Absolutely amazing work......:thumbsup::thumbsup::thumbsup:


----------



## woof359 (Apr 27, 2003)

nice work, for me i would be scared to death my exacto would slip while scribing the hatch to open it up. SLICE !!!!


----------



## g_xii (Mar 20, 2002)

Ductapeforever said:


> Scratchbuilt NGS scanner and Surface Radar mounts today. Also started to add frames to all hull openings


Great! What are you making these out of? And how did you make the frame around the porthole?

--H


----------



## Paulbo (Sep 16, 2004)

You are one sick puppy, Duct! I mean that in a good way 

Those are looking super - and I thought your previous work looked amazing. This is going to be one fantastic model!


----------



## Dar (Apr 20, 2007)

Great work.:thumbsup: I had a feeling you were gonna put the NGS scanner up there. Your really tricking the ship out. Love it. Did a great job of creating the radar. I dont believe we saw that in the show, correct?

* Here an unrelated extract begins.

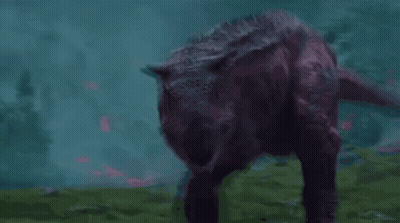 Purple Dinosaur With Mouth Open In Grass GIF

Is the base of the radar made out of the top of a small spray can??


----------



## fendbacker (Dec 11, 2009)

i think the radar was visible in the episode "visit to a hostile plant" season three


----------



## Dar (Apr 20, 2007)

fendbacker said:


> i think the radar was visible in the episode "visit to a hostile plant" season three


I do rememeber the scanner but not the radar. The scanner was the piece of hardware John worked on I think the first season.Correct??(just above the hatch.) Duct has also build the radar in the back of the ship where the larger access hole is. I dont remember it in the third season. Was someone working on it in an ep, was it viewed from a longshot of the ship in space?


----------



## XMAN64 (Dec 30, 2009)

Excellent work!!!!
That's what I call bringing it up a notch.
Are they removable?...


----------



## Y3a (Jan 18, 2001)

Don't take this the rong wae....but....Unless your pod Doors open, why add a frame that didn't exist? 

Your crash doors and main door sliding are prolly above my experience level BTW. 
Your EVA cable connects by the door push buttons is a superb touch too. I can't WAIT to see your landing gear treatment.


----------



## g_xii (Mar 20, 2002)

Dar said:


> I do rememeber the scanner but not the radar. The scanner was the piece of hardware John worked on I think the first season.Correct??(just above the hatch.) Duct has also build the radar in the back of the ship where the larger access hole is. I dont remember it in the third season. Was someone working on it?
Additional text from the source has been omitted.